En premier lieu, la Cour va estimer, se fondant sur l’article 8 de la Convention européenne des droits de l’homme, qu’au regard de l’intérêt supérieur de l’enfant, la circonstance que l’enfant soit né à l’étranger d’une GPA, pratique prohibée en France, « ne peut à elle seule, sans porter une atteinte disproportionnée au droit au respect de la vie privée de l’enfant, faire obstacle à la reconnaissance en France des liens de filiation établis à l’étranger tant au regard du parent biologique qu’au regard du parent d’intention ». En deuxième lieu, la Cour relève qu’« aucun principe essentiel du droit français n’interdit la reconnaissance en France d’une filiation établie à l’étranger qui ne correspondrait pas à la réalité biologique ». En droit français il est vrai, il existe plusieurs modes d’établissement de la filiation qui permettent d’établir des filiations non conformes à la réalité biologique (PMA, reconnaissance d’un enfant sans lien biologique). Le Juge français doit également vérifier l’absence de fraude et contrôler le consentement des parties à la convention de GPA. Pour ce faire, le juge français doit pouvoir vérifier au travers de la motivation de la décision étrangère l’identité des personnes ayant participé au projet parental et s’assurer du consentement de toutes les parties à la convention de GPA, notamment la mère porteuse. Par ailleurs, la Cour relève que la filiation établie dans la décision étrangère dont il est demandé exequatur est reconnue en tant que telle en France et produit les effets qui lui sont attachés conformément à la loi applicable à chacun de ces effets. Elle rejette en conséquence la demande du parent d’intention tendant à voir juger que la décision étrangère produise les effets d’une adoption plénière.

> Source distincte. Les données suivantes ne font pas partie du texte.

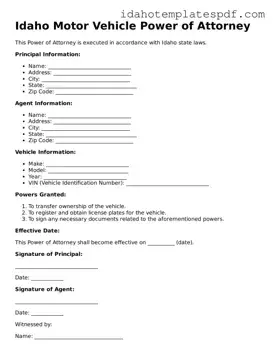 Motor Vehicle Power of Attorney Document for Idaho State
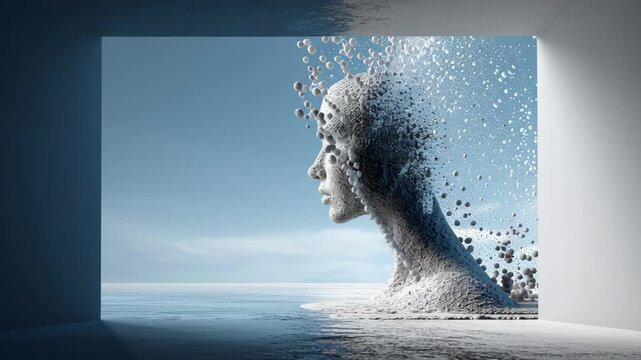 Abstract representation of a female face dissolving into particles, showcasing a gradual transformation in a serene, open environment with a clear blue sky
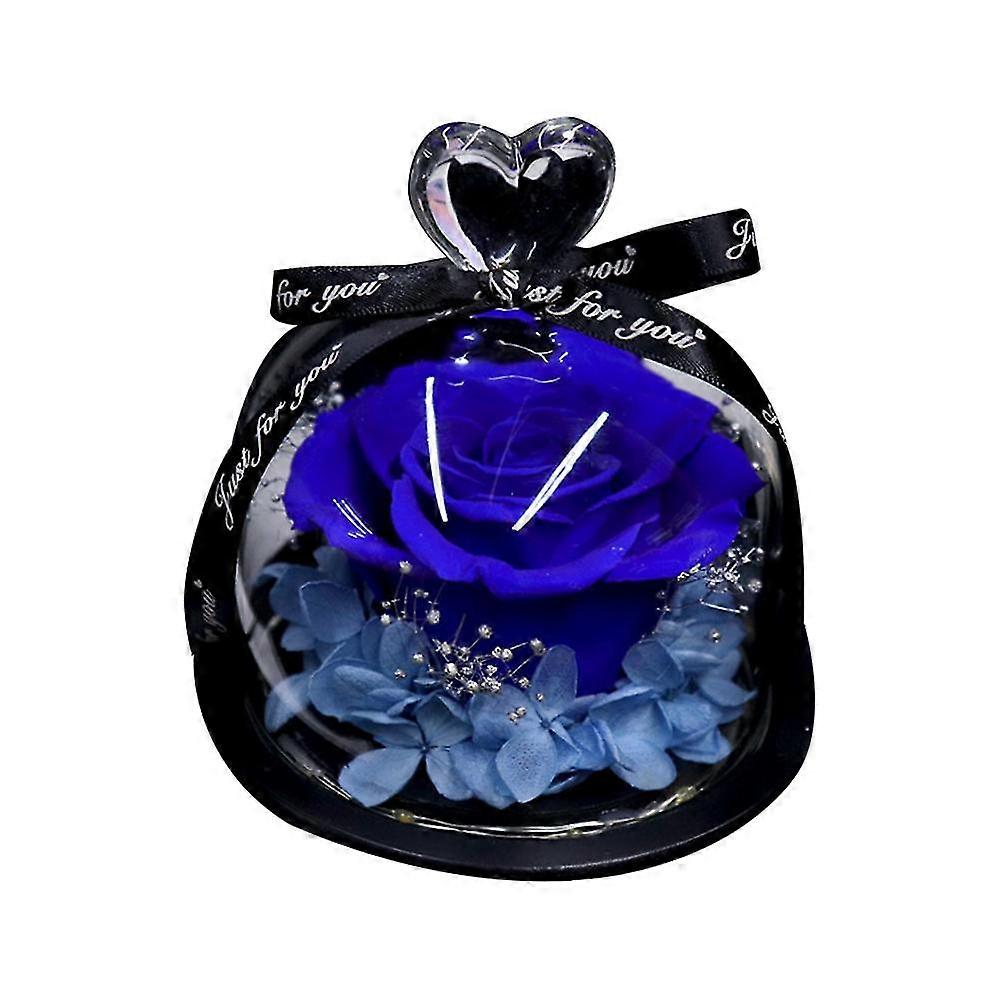 Forever Preserved Real Rose In Glass Dome Gift , Heart Design For Valentines Day Christmas Birthday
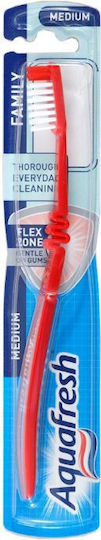 Aquafresh Standard Manual Toothbrush Medium Red 1pcs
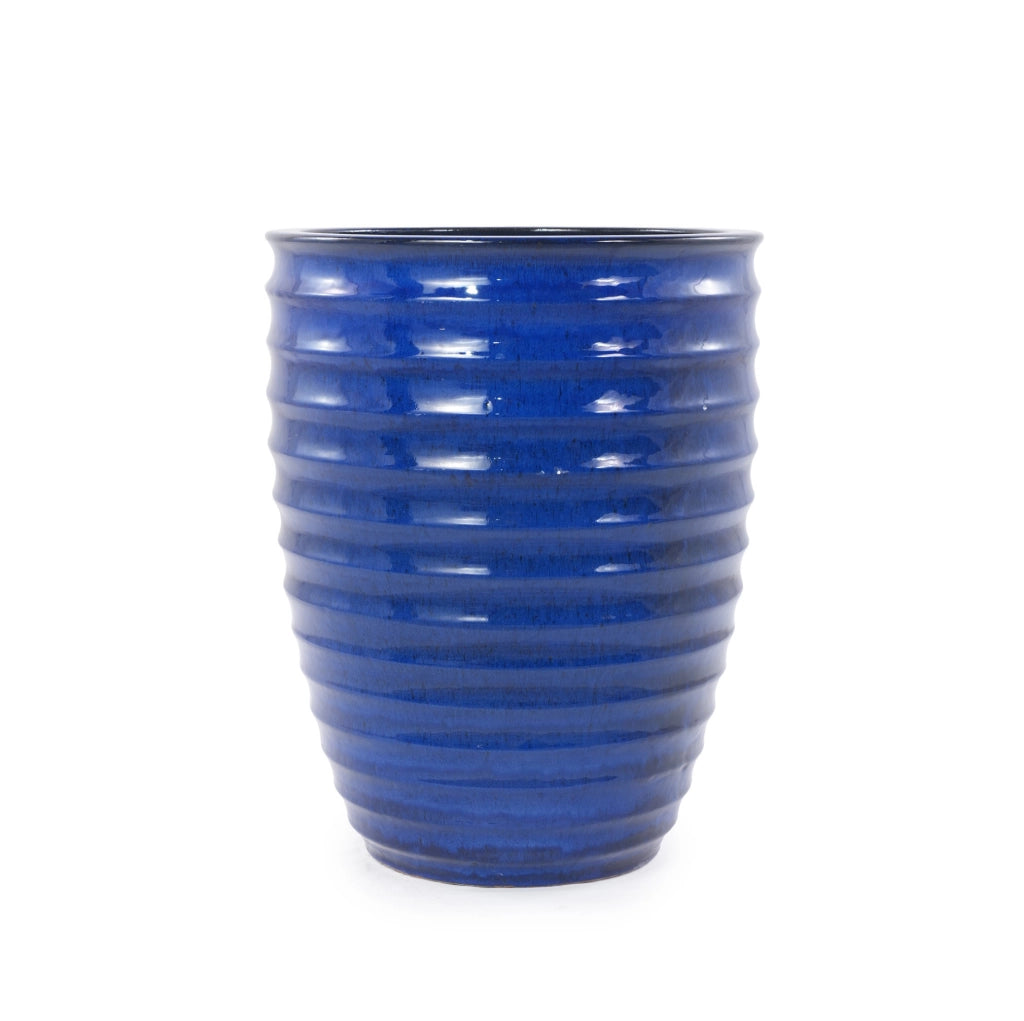 Grande Vaso da Fioriera in Ceramica Artigianale, Ø 42 cm × 54 cm, Blu Reale Lucido con Texture a Righe, Traspirante e Resistente al Gelo con Fori di Drenaggio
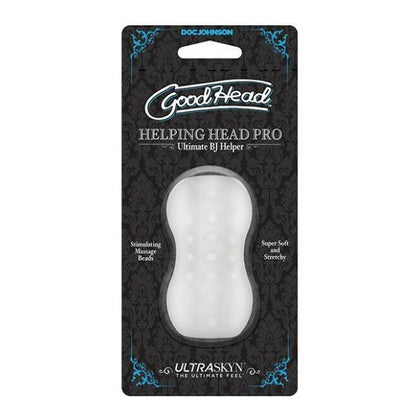 Doc Johnson GoodHead Helping Head Pro Ultraskyn Stroker - Frost: A Sensational Mini Stroker for Enhanced Fellatio Pleasure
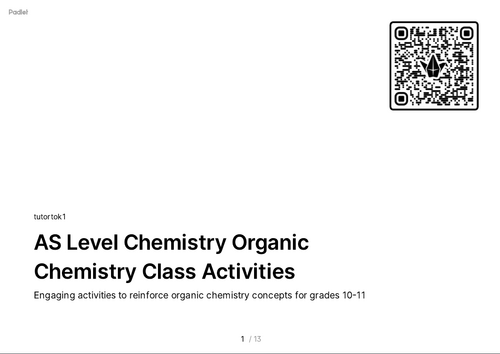AS Level chemistry FREE resource - Unit 13 Organic chemistry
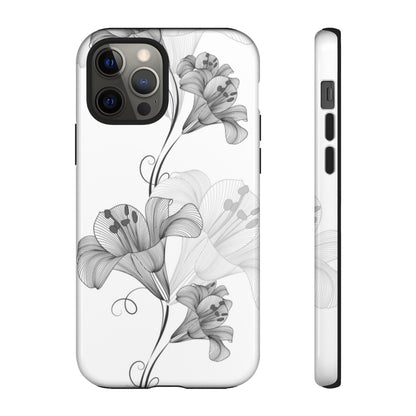 Lily Flower Monochrome iPhone Case (Protective) iPhone 12 Pro Glossy Phone Case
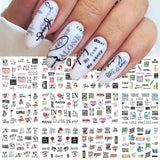 12 Designs Nail Stickers Set Mixed Floral Geometric Nail Art Water Transfer Decals Sliders Flower Leaves Manicures Decoration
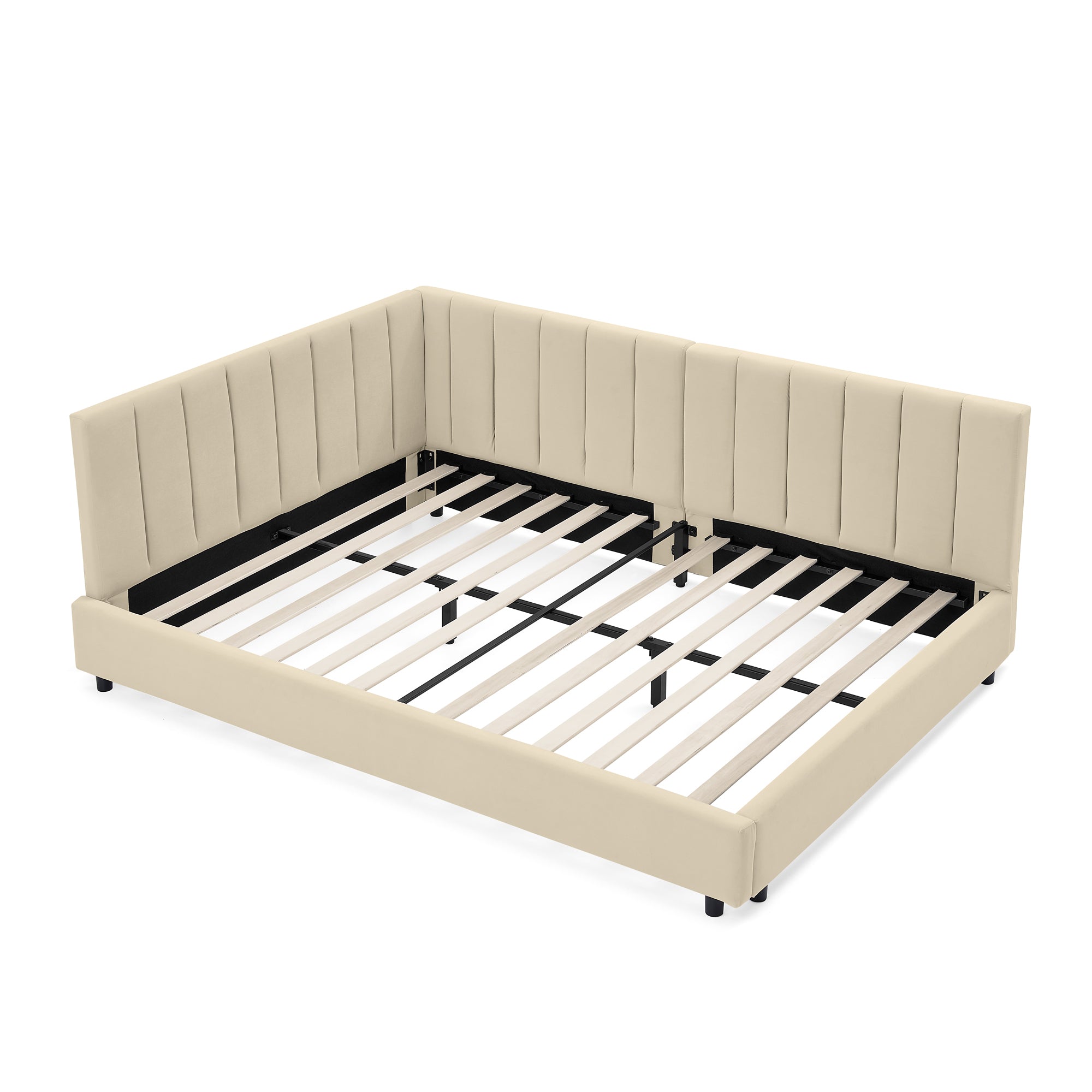 Mid-Century Velvet Full Tufted Bed Frame Beige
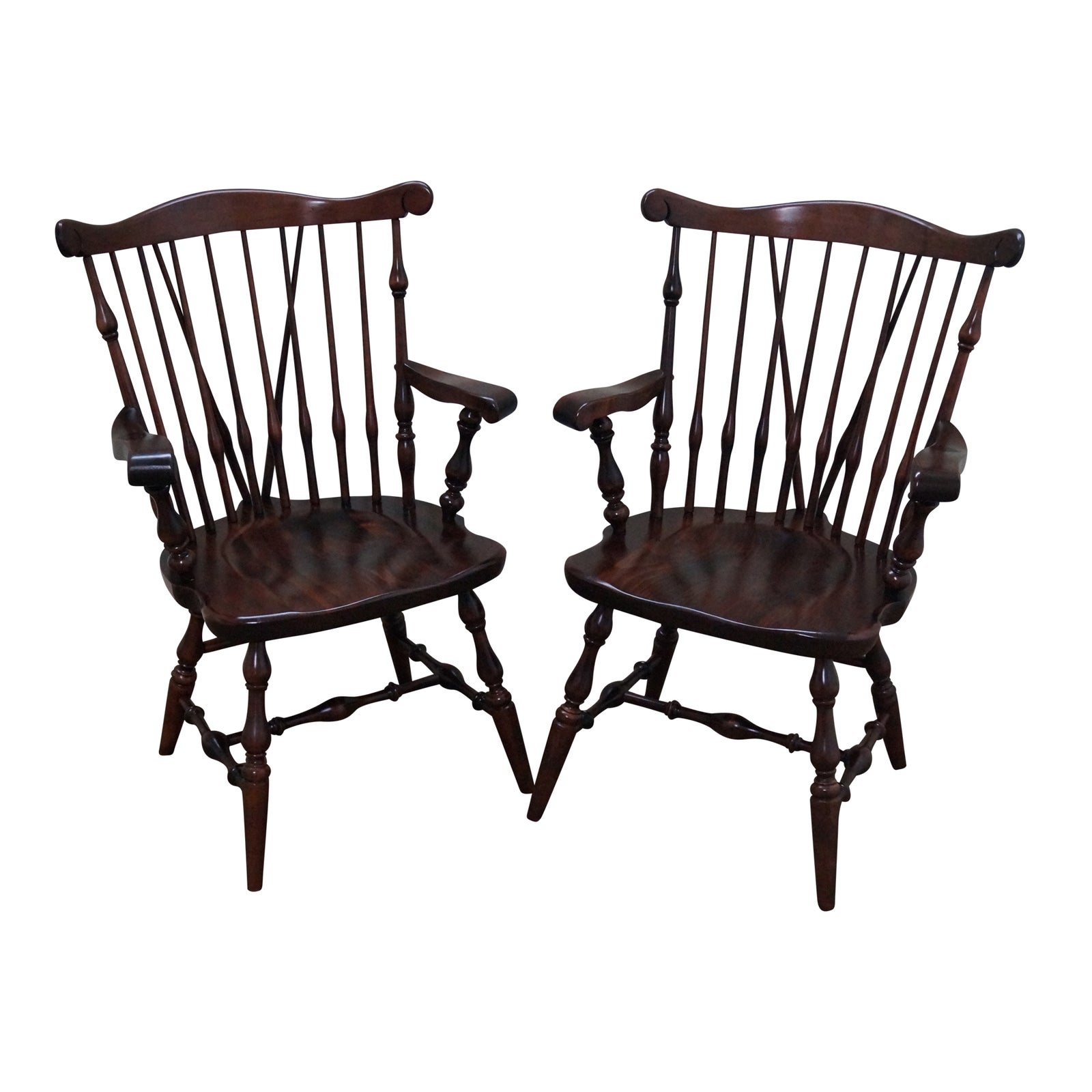 Ethan Allen Pine Duxbury Windsor Arm Chairs Pair Chairish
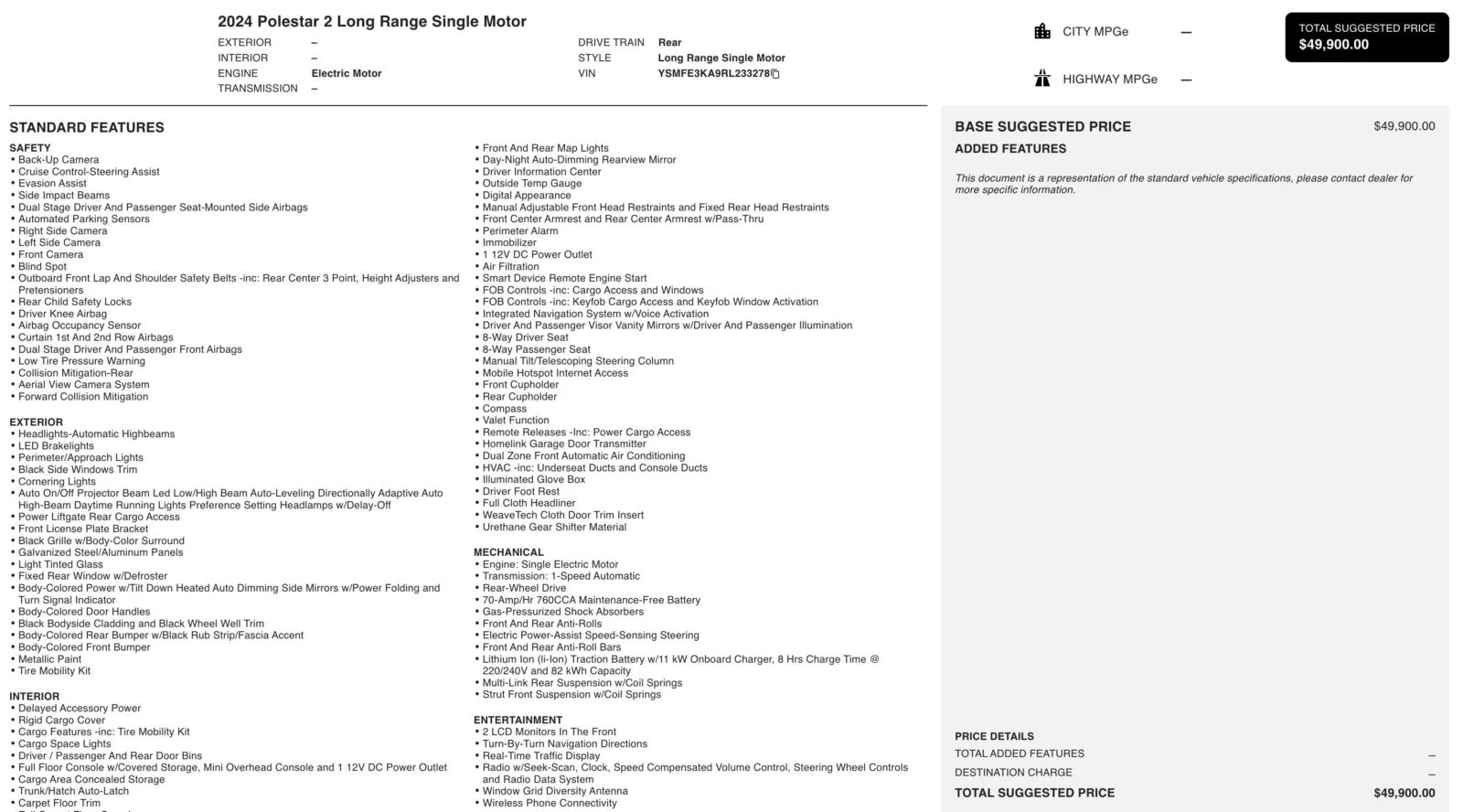 2024 Polestar 2 Long Range Single Motor for sale in Alvin, TX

Il va sans dire que cet arrêt innovant risque d’entraîner des répercussions multiples en matière de filiation et de reconnaissance en France d’une décision étrangère établissant un lien de filiation non biologique à la suite d’une GPA pratiquée dans un autre pays.

(Sur les conditions de l’exequatur et le contrôle du juge sur l’application en France des décisions de justice étrangères, Première chambre civile de la Cour de cassation, arrêts du 2 octobre 2024 : Communiqué : GPA – Contrôle du juge sur l’application en France des décisions de justice étrangères | Cour de cassation).